*** Opening Listed records ***

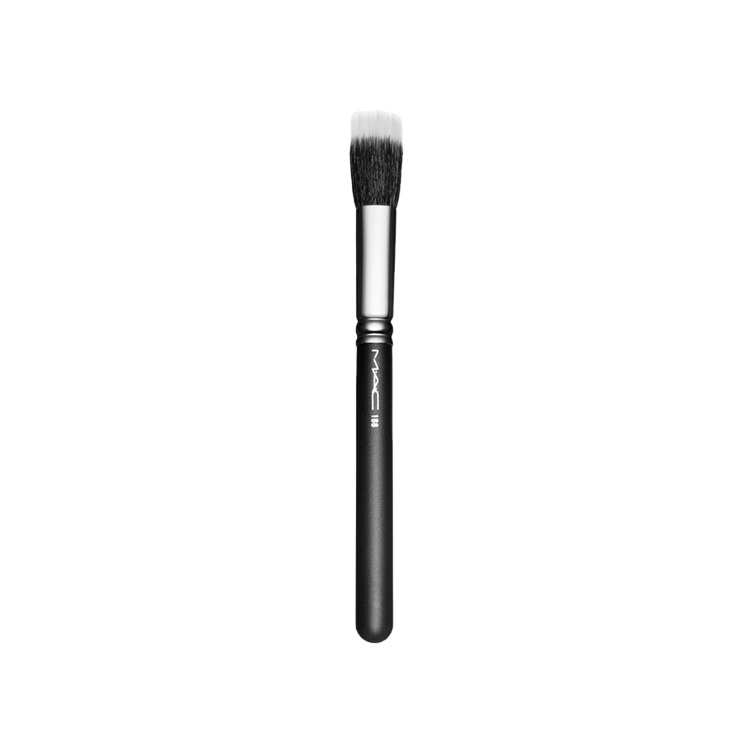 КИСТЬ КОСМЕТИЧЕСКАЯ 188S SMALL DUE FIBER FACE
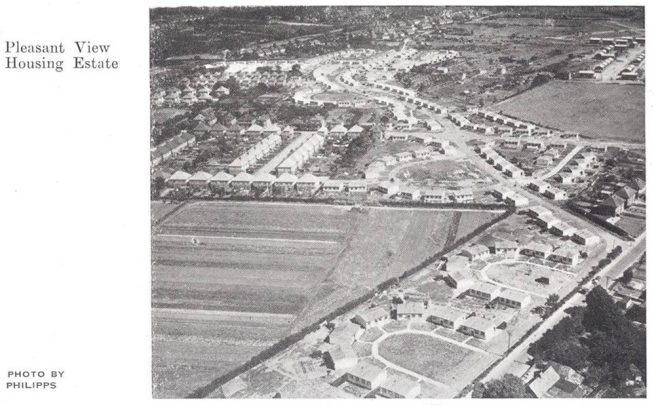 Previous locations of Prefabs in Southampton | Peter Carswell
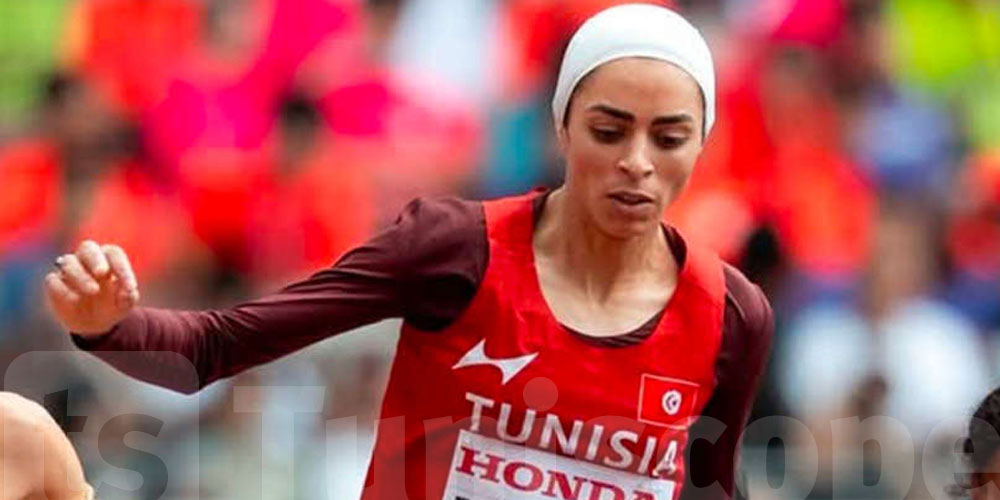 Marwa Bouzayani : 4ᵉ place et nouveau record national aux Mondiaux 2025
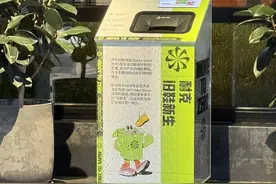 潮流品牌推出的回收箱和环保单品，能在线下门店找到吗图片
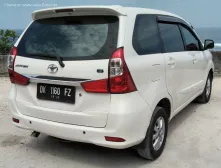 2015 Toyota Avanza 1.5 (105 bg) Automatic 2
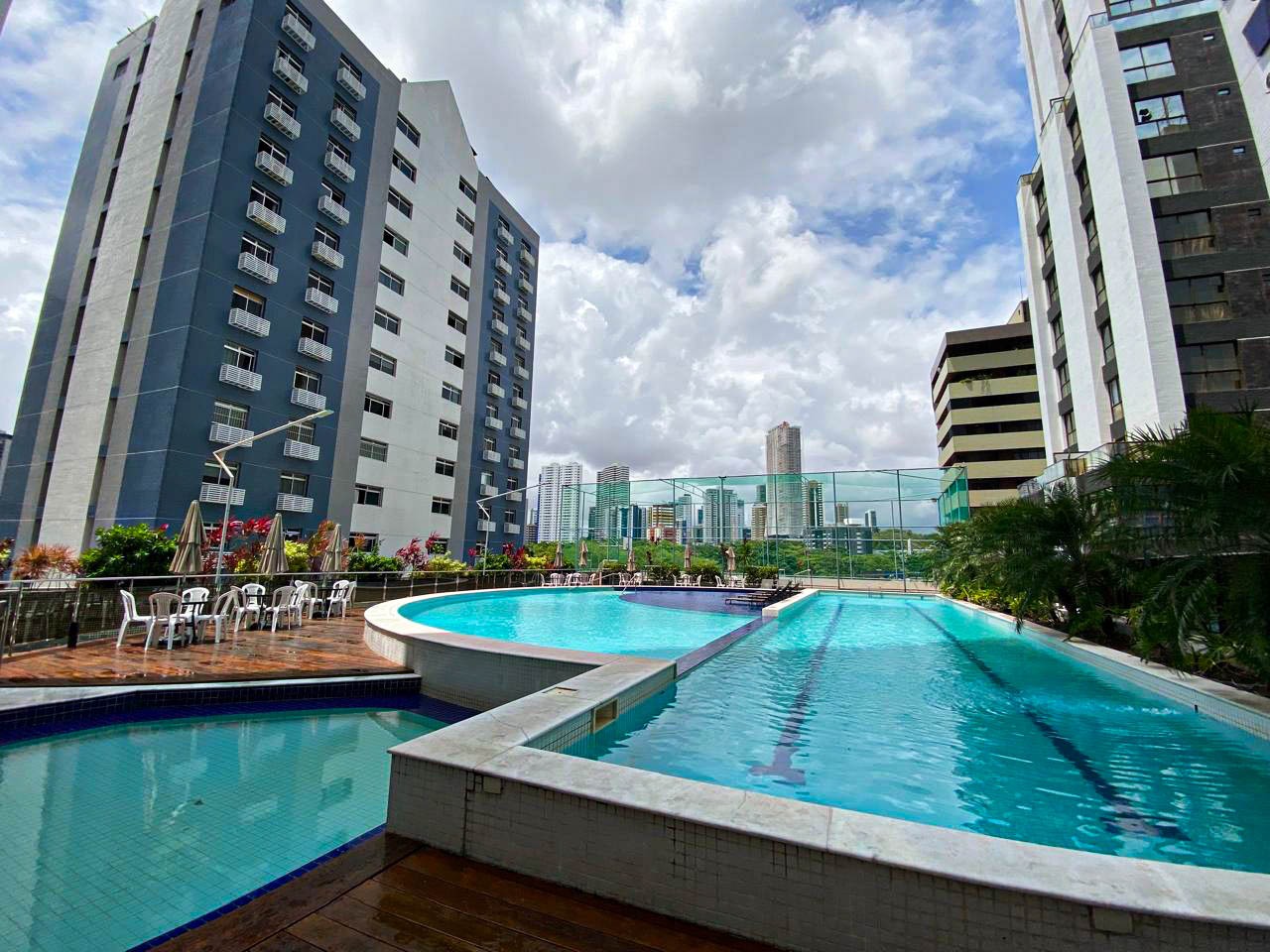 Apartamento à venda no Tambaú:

*** Closing Listed records ***

* _Task requirements_:
Every line of the listing should be copied precisely, with images omitted.

* _Answer section_:
 КИСТЬ КОСМЕТИЧЕСКАЯ 188S SMALL DUE FIBER FACE
 Previous locations of Prefabs in Southampton | Peter Carswell
 Marwa Bouzayani : 4ᵉ place et nouveau record national aux Mondiaux 2025
 潮流品牌推出的回收箱和环保单品，能在线下门店找到吗图片
 2015 Toyota Avanza 1.5 (105 bg) Automatic 2
 Apartamento à venda no Tambaú:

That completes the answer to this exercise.